The priest and the Levite in the story were religious authorities. They, like the lawyer, would have been familiar with the scriptural requirement to care for those in need. When they encountered the man by the side of the road, they may have known the right thing to do, but it’s the Samaritan who actually does it. He’s not reacting out of guilt or obligation. He’s not fulfilling a quota for number-of-neighbors-helped. He’s not calculating whether he can be compensated for his assistance. He feels for the guy. That’s the impetus for his response of care. He’s moved by this person’s needs. The Samaritan acts out of compassion.
We don’t learn much about the man in the ditch, whether he’s wealthy or poor, whether he’s a Gentile or Jew – we only learn about the way a stranger shows him mercy. In telling this story, Jesus turns the lawyer’s question around: It doesn’t matter who your neighbor is; it matters how you are neighbor to others. It doesn’t matter what kind of person is in need; it matters how you respond.

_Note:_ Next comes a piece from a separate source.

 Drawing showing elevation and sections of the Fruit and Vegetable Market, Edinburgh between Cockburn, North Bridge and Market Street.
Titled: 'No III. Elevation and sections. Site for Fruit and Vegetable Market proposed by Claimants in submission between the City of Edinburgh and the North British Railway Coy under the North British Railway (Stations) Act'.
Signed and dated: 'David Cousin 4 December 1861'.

This story articulates God’s vision for how humanity should live together.
Everyone deserves care. There are no qualifications. No one is left alone in the ditch. Everyone’s wounds are tended to because we respond to one another’s needs with generosity and compassion.
There are no moral loopholes. This is what it means to be a neighbor. “Go and do likewise,” Jesus concludes. Go and embody God’s vision for a compassionate world. That’s it. That’s the directive. That’s how Jesus leaves the lawyer – and us.

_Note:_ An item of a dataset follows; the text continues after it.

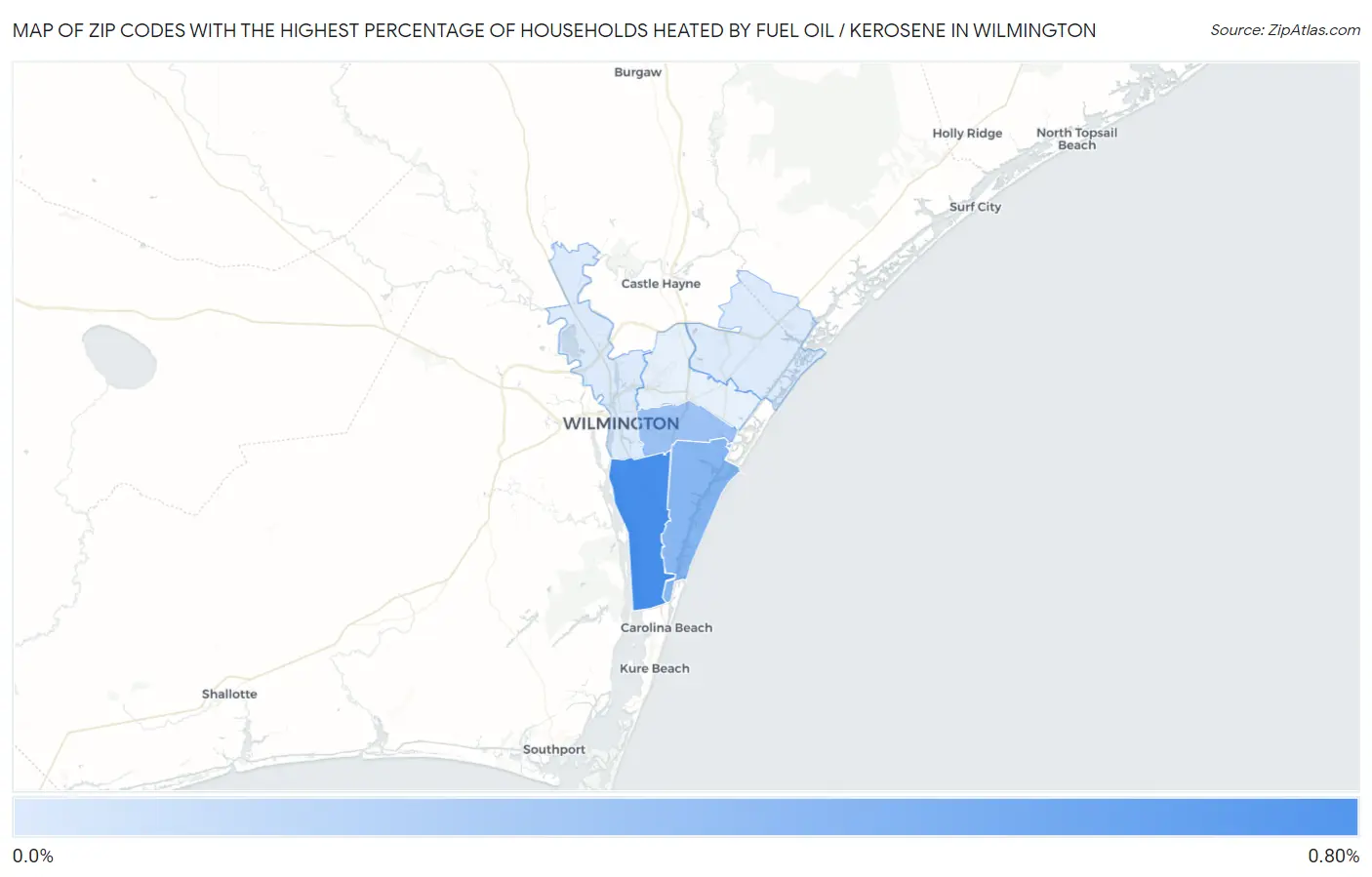 Zip Codes with the Highest Percentage of Households Heated by Fuel Oil / Kerosene in Wilmington Map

That “go and do likewise” ending is a hard thing to sit with, especially for those of us who see ourselves in the Priest and the Levite.
It’s uncomfortable to come to the end of this story and ask whether we have actually “done likewise” to the Samaritan. We are reminded of all the times we have walked by someone we might have helped. We wonder if we have missed the eternal life the lawyer was seeking…
But the final word in this parable is not the final word of God. Even when we fail to realize God’s vision of compassion, there is no condemnation in Christ (Romans 8:1). We trust the promise that nothing can separate us from the love of God (Romans 8:38-39) – not even whatever might cause us to walk by on the other side.
God’s promise of love is for all people, no exceptions.
It is for those who have been harmed, rejected, and left behind. It is for those who serve others out of generous compassion. And it is for those who don’t. That’s the astounding truth of grace. None of us is ever beyond God’s love.
Jesus leaves this conversation with the lawyer and continues on his journey to Jerusalem, his journey to the cross, and even in the face of death, he speaks words of mercy not judgment. Jesus speaks forgiveness to the ones who torture him (Luke 23:34) and acceptance to the criminals dying next to him (Luke 23:39-42). And, after he confronts the very powers of hell with love, the risen Jesus returns from the grave to speak peace to the disciples who denied and betrayed him (Luke 24:36). They failed to live up to God’s vision of compassion, but their inadequacies did not stop Christ from reconciling with them, empowering them with the divine spirit, and sending them out to proclaim the Gospel. Imperfect, cowardly, and flawed, they are forgiven. And they are still tasked to go out into the world and act with love.
It is the same with us.
No matter how many times we walk by on the other side, we, too, are forgiven and we, too, are called back to the task of being love in the world.
Standing firm in the faith that we are saved by grace and unconditionally loved by God does not mean we abandon the millennia-old commandment to care for our neighbors. On the contrary, it means that we are invited again and again to come back to God’s way of compassion. We are convinced that radical care for one another is the path that truly brings life.
We aspire to be the neighbors God has called us to be, the neighbors our world desperately needs. Yet even when we falter, we are still held in that love from which nothing – not even death – can separate us.